Child Sex Abuse Material Was Found In a Major AI Dataset. Researchers Aren’t Surprised.
December 20, 2023Over 1,000 images of sexually abused children have been discovered inside the largest dataset used to train image-generating AI, shocking everyone except for the people who have warned about this exact sort of thing for years.
The dataset was created by LAION, a non-profit organization behind the massive image datasets used by generative AI systems like Stable Diffusion. Following a report from researchers at Stanford University, 404 Media reported that LAION confirmed the presence of child sexual abuse material (CSAM) in the dataset, called LAION-5B, and scrubbed it from their online channels.
The LAION-5B dataset contains links to 5 billion images scraped from the internet.
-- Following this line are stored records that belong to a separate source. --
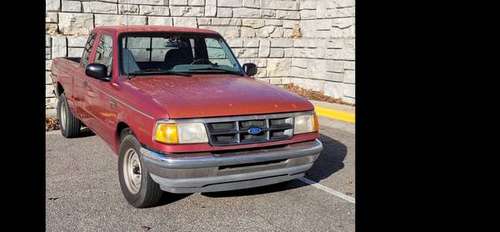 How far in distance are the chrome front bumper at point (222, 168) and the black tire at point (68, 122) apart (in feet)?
11.4

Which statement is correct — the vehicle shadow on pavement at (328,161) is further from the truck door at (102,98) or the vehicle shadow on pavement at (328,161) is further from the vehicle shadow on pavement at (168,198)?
the truck door at (102,98)

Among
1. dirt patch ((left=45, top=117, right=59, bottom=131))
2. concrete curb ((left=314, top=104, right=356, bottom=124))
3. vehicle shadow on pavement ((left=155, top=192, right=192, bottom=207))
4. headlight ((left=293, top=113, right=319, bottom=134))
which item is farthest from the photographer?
concrete curb ((left=314, top=104, right=356, bottom=124))

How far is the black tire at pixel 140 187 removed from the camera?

AI ethics researchers have long warned that the massive scale of AI training datasets makes it effectively impossible to filter them, or audit the AI models that use them. But tech companies, eager to claim their piece of the growing generative AI market, have largely ignored these concerns, building their various products on top of AI models that are trained using these massive datasets. Stable Diffusion, one of the most commonly used text-to-image generation systems, is based on LAION data, for example. And various other AI tools incorporate parts of LAION's datasets in addition to other sources.
This, AI ethics researchers say, is the inevitable result of apathy.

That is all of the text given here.